The suit originally included claims for negligence; intentional infliction of emotional distress; negligent hiring; negligent supervision; and negligent retention. Also, it included as defendants Chinn; athletic director Pete Garcia; senior associate athletic director Julie Berg; the school’s Title IX coordinator Shirlyon McWhorter; then-women’s basketball assistant coach Tiara Malcolm, now Chinn’s replacement as head coach; and FIU president Mark Rosenberg.
Feagin’s attorneys whittled the defendants list down to FIU. Both sides’ attorneys await a ruling on FIU’s motion to dismiss the suit with prejudice.
The school’s attorneys argued in its motion that Feagin’s claims “are factually and legally untenable.

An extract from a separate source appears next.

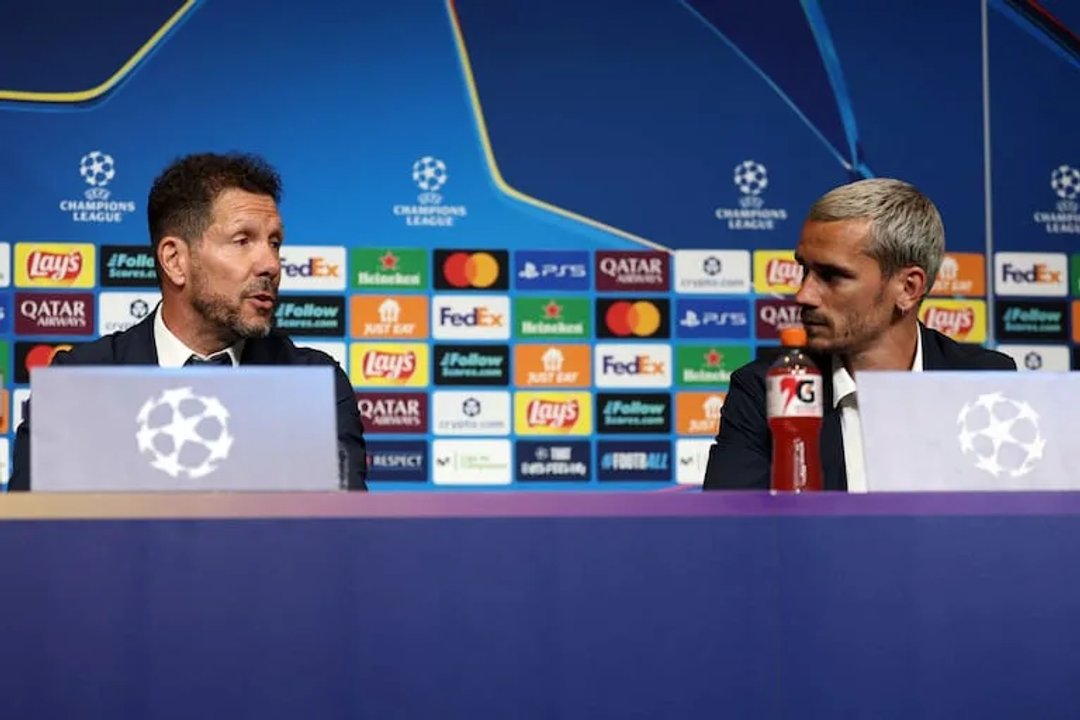 La emotiva arenga de Simeone a Griezmann antes de irse de Atlético de Madrid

Further, because Plaintiff has had two opportunities to state her claims but has failed to do so, dismissal with prejudice is appropriate.”
Feagin’s side responded by asking the court to proceed only on the Title IX and battery counts. The latter count refers to the “unwanted sexual advances and touchings” by Chinn that Feagin says went on during the 2015-16 season.
“Coach Chinn’s sexual exploitation, harassment and sexual assault of Destini deprived her of the ability to develop her full potential both on and off the court and significantly impacted her future,” Parker wrote in an e-mail to the Miami Herald. “FIU is a public university that receives federal funding. The university was made aware of the sexual harassment. Coaches witnessed Coach Chinn’s treatment of Destini. No immediate action was taken by FIU to stop the exploitation and harassment as is required of them by federal law.”
Though FIU fired Chinn two weeks after Feagin took her allegations, text messages and a recording of Chinn admitting his attraction to her to FIU athletics, the school made sure to state that Chinn was fired for loaning Feagin $600 when she needed to settle a tuition debt.
That NCAA violation allowed the school to fire Chinn with cause, thus saving the school the balance of his five-year contract (at least $644,000), without addressing Feagin’s allegations. In fact, the school allowed him to coach the Senior Night final home game two days after Feagin says she told FIU athletics of the harassment.
Feagin was suspended for that game after unauthorized use of teammate Kristian Hudson’s Athletic Panther Bucks card. She put the $349 back in Hudson’s account on March 1, but was still arrested May 2 on charges of credit card fraud and grand theft. She entered a deferred prosecution program.